Your Dating Questions answered with Dr Pam Spurr
I constantly get questions into my website about people who have been dating and are thinking of moving in together. As this is such a common dilemma where people have different anxieties, I thought I would answer one such question.
Hi Dr Pam,
I've been with my boyfriend for just under a year. We spend a lot of time together, go on regular dates, get along with each other’s friends. We both feel really happy together.
He has moved in with his parents temporarily while he looks for a new place. I’m also due to move out of my place in a couple of months.
Since we are both looking for flats, he suggested we move in together. Part of me is over the moon that he’s asked me but then I also feel a bit scared about it. Tbh, I don't want our happy relationship to get messed up by living together. I worry the romance will go and we'll be stuck in watching TV instead of going on dates. And what if we run out of conversation?
I've discussed it with him but he’s incredibly optimistic and says we will make it work and "we'll face any challenges as they arise". Inside though I really don't want to lose what we've got. Help!?!
Dear "a bit scared",
It's quite natural to be scared about committing to moving in but you shouldn't let that fear stop you from making the ‘right’ decision. Just what is the ‘right’ decision?

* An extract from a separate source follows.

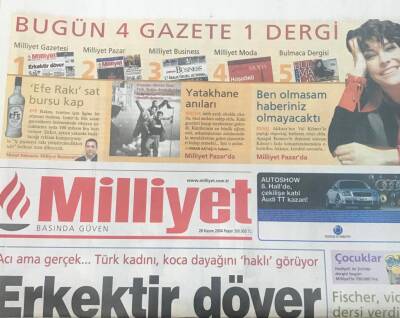 Milliyet Gazetesi 28 Kasım 2004- Acı Ama Gerçek ... Türk Kadını ,Koca Dayağını Haklı Görüyor GZ36444 - 1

If you’d like to develop a full-on, loving relationship that grows and deepens with time, moving in together is part of a natural progression. People in love and who desire true intimacy usually want to share a home together. This gives them the "warts and all" reality that a full relationship is all about. The good comes with the ‘bad’ and things often must be negotiated if your relationship is going to be an emotionally healthy one.
Yes, some couples never move in together - usually they have quite strong ideas about sharing a ‘limited’ relationship. Part of that decision might be about keeping the chemistry without having to deal with the rest of the ‘stuff’ of a full on relationship. Is that you? Despite your strong feelings for him are you really not interested in more than that? Or are you simply a bit scared and not sure how to make it a really good experience if you move in together? If it's such a fear - and you’d like a full on relationship - try these tips:
*Have you resisted intimacy before? If so, is this part of a pattern? Be honest with yourself because if you have intimacy issues you need to be honest with him about it. Working together can help take the sting out of your fear.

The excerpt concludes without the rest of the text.